● Try it
Give back the records below exactly, omitting the pictures.

● Short web captions

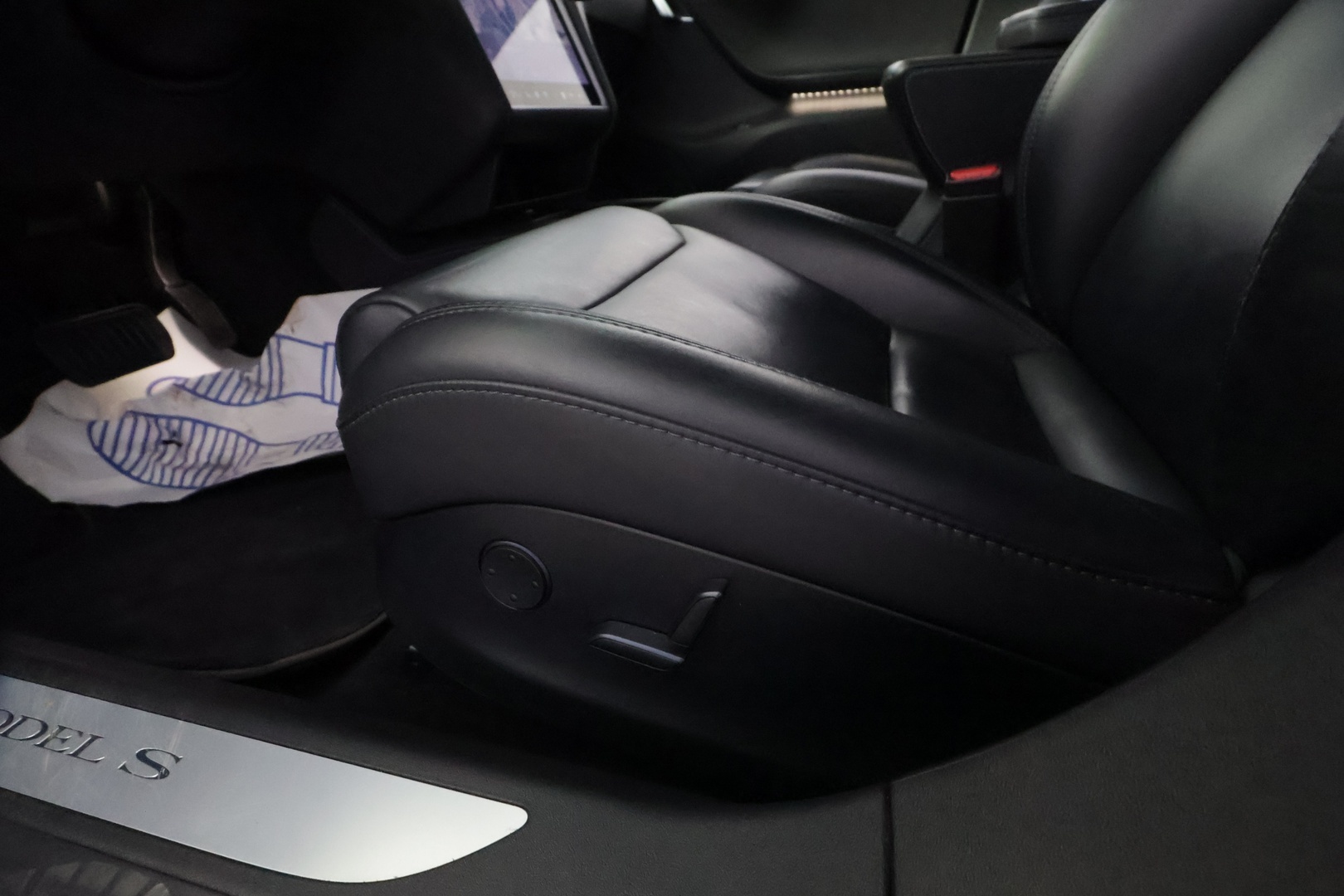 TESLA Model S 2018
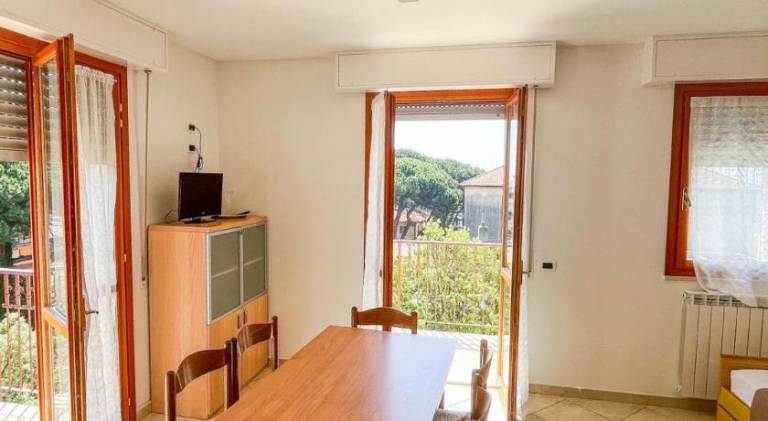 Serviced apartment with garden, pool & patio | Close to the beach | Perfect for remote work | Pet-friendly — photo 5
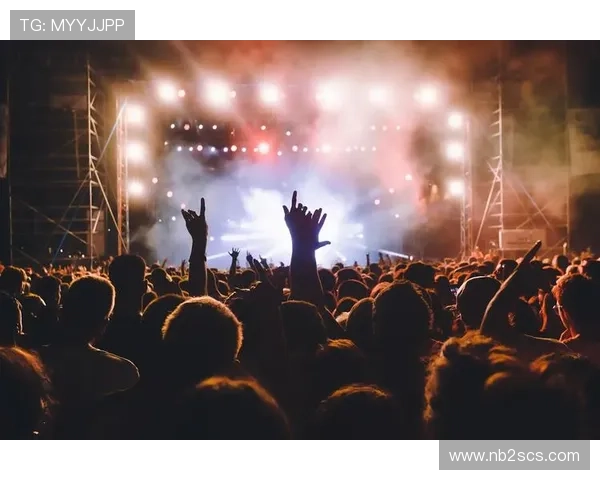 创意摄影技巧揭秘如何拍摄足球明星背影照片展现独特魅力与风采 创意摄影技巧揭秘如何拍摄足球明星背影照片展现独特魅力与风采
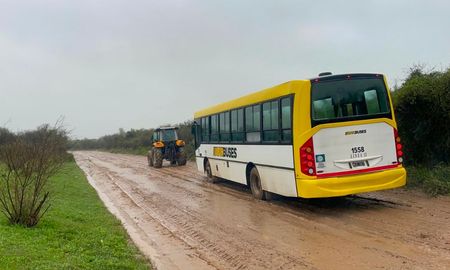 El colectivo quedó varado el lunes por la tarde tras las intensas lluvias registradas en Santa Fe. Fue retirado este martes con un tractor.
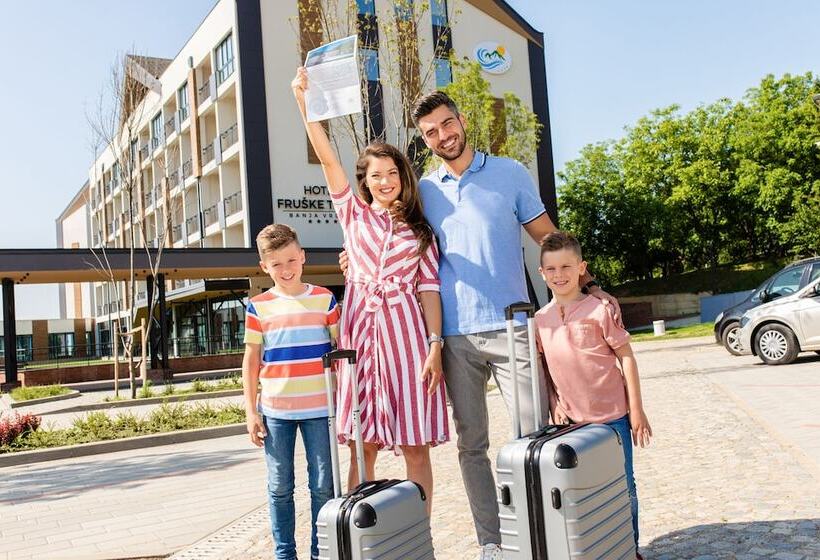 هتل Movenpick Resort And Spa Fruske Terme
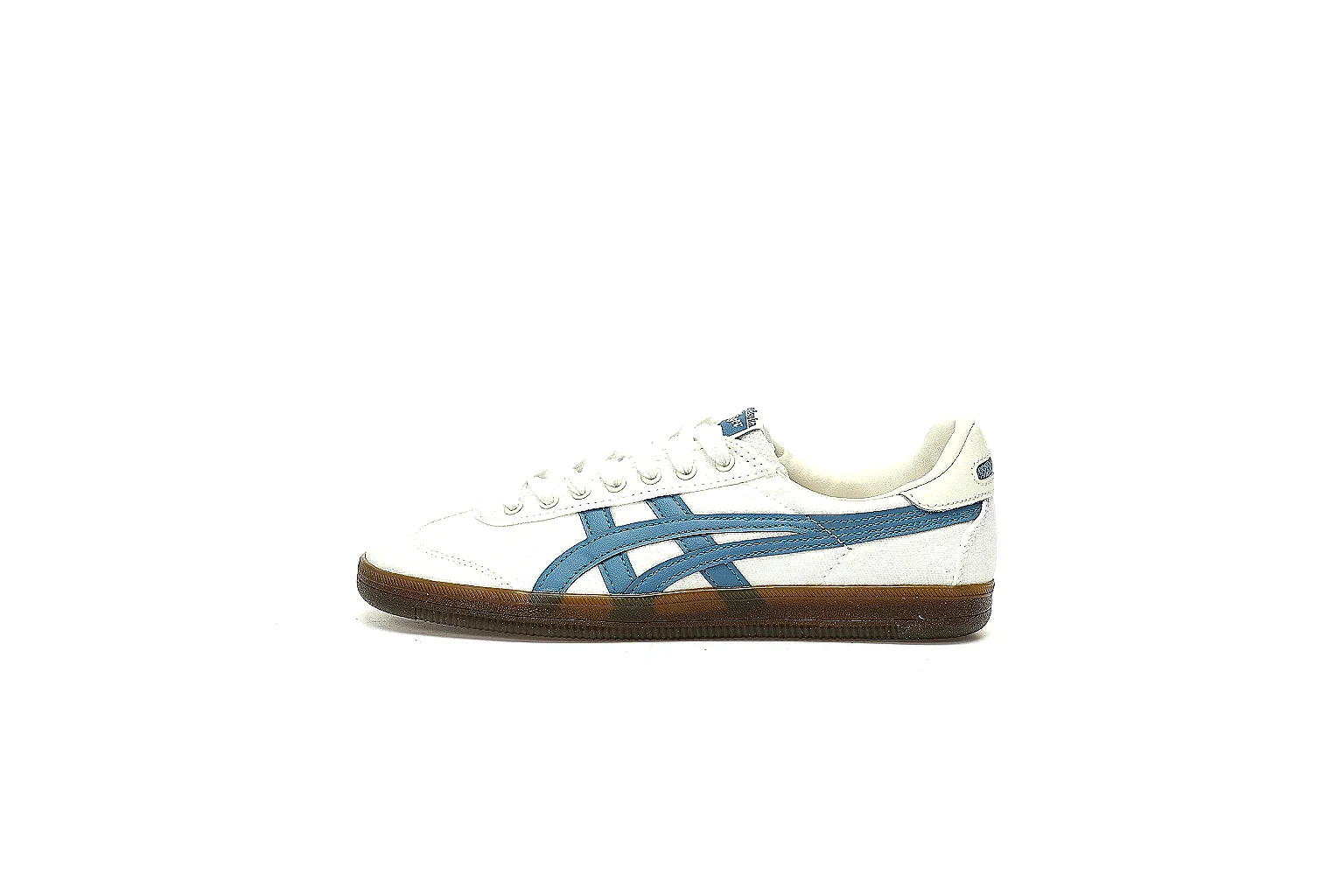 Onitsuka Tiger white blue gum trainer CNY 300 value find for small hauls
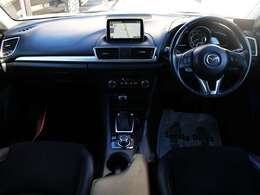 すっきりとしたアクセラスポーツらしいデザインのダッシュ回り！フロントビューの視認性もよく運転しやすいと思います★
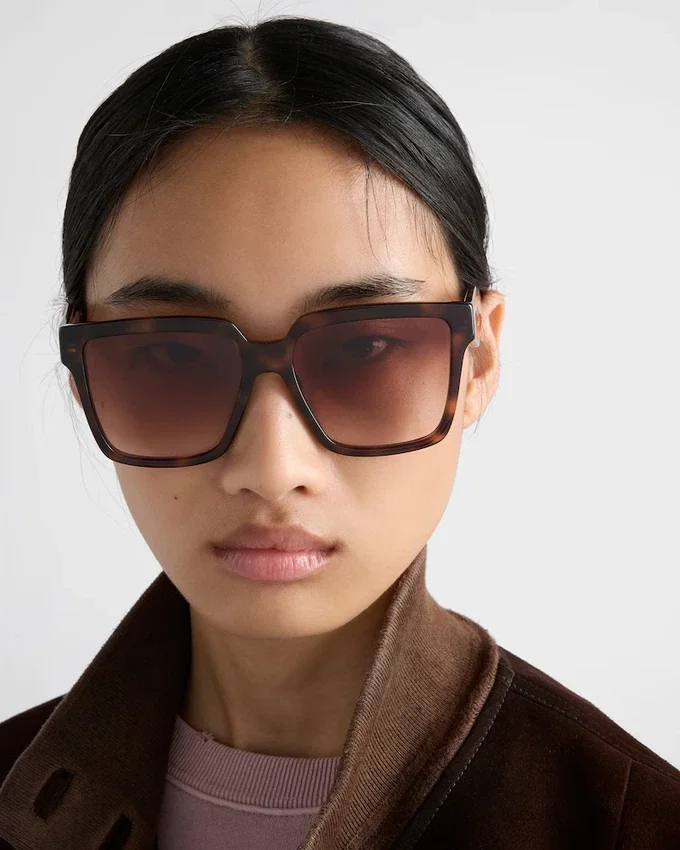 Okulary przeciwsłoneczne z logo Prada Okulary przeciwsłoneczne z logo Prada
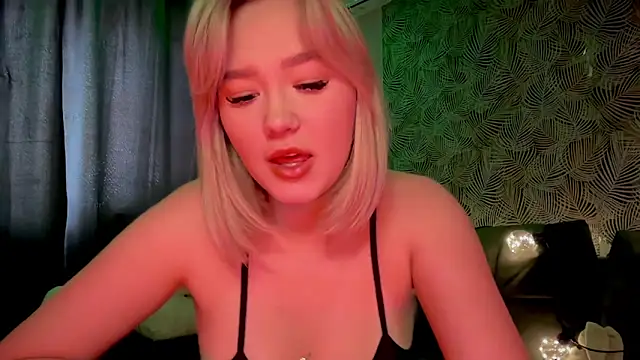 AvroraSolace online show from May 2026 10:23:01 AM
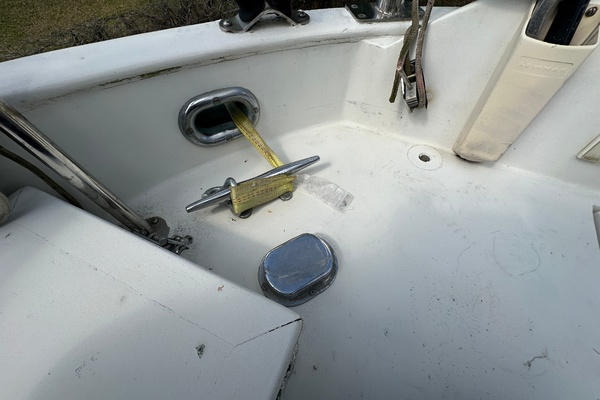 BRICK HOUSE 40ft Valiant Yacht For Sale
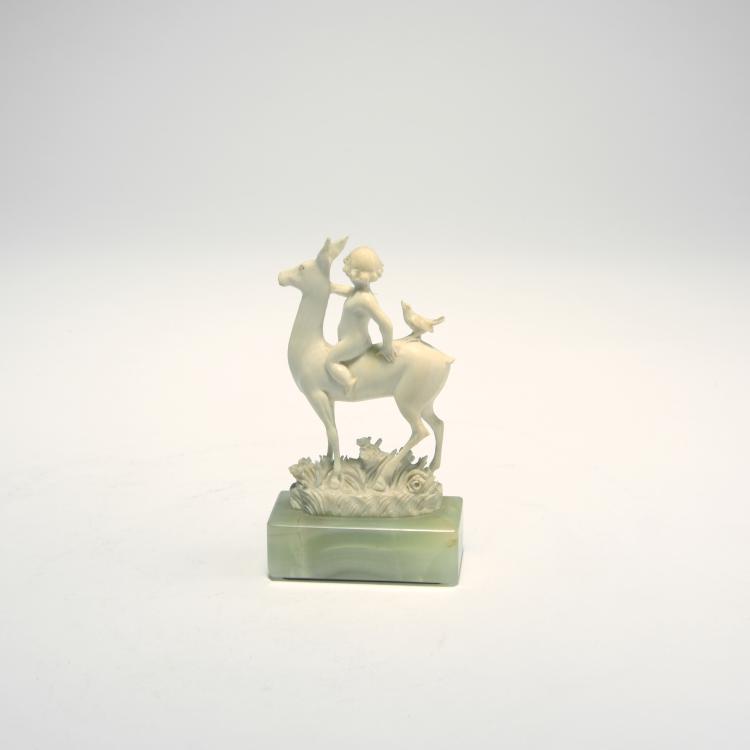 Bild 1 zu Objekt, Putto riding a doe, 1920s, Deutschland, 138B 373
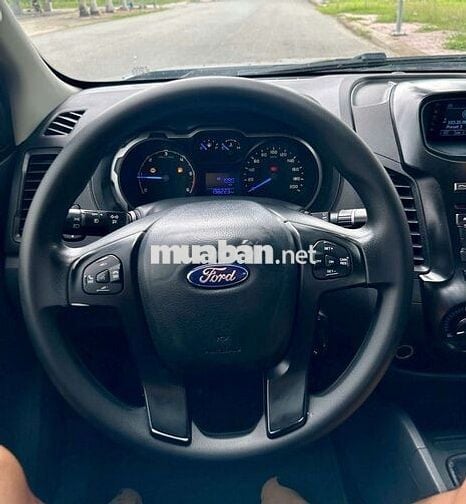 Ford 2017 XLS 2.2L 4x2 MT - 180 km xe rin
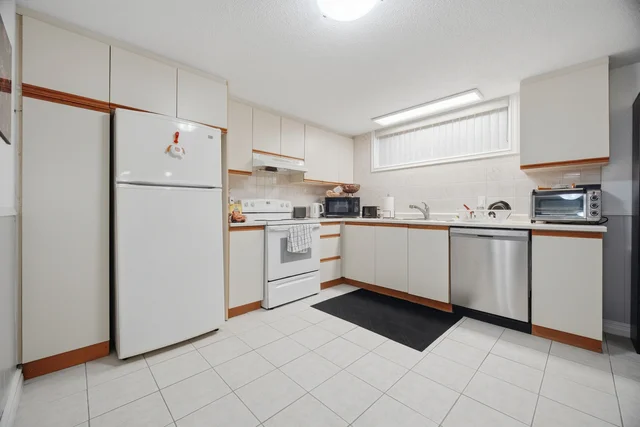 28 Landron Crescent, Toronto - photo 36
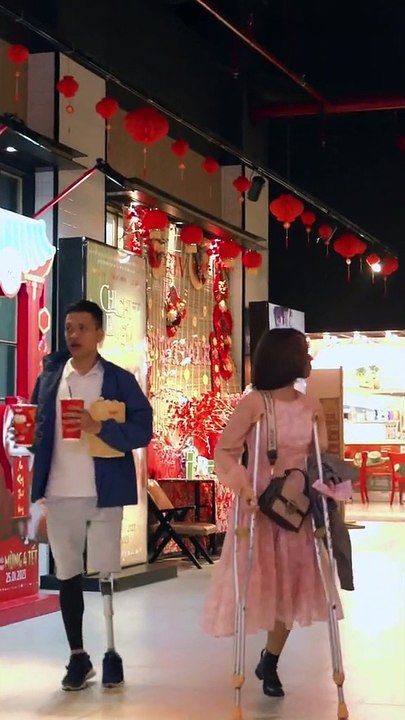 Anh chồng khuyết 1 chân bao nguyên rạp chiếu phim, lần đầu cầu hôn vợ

● Answer to the exercise
 TESLA Model S 2018
 Serviced apartment with garden, pool & patio | Close to the beach | Perfect for remote work | Pet-friendly — photo 5
 创意摄影技巧揭秘如何拍摄足球明星背影照片展现独特魅力与风采 创意摄影技巧揭秘如何拍摄足球明星背影照片展现独特魅力与风采
 El colectivo quedó varado el lunes por la tarde tras las intensas lluvias registradas en Santa Fe. Fue retirado este martes con un tractor.
 هتل Movenpick Resort And Spa Fruske Terme
 Onitsuka Tiger white blue gum trainer CNY 300 value find for small hauls
 すっきりとしたアクセラスポーツらしいデザインのダッシュ回り！フロントビューの視認性もよく運転しやすいと思います★
 Okulary przeciwsłoneczne z logo Prada Okulary przeciwsłoneczne z logo Prada
 AvroraSolace online show from May 2026 10:23:01 AM
 BRICK HOUSE 40ft Valiant Yacht For Sale
 Bild 1 zu Objekt, Putto riding a doe, 1920s, Deutschland, 138B 373
 Ford 2017 XLS 2.2L 4x2 MT - 180 km xe rin
 28 Landron Crescent, Toronto - photo 36
 Anh chồng khuyết 1 chân bao nguyên rạp chiếu phim, lần đầu cầu hôn vợ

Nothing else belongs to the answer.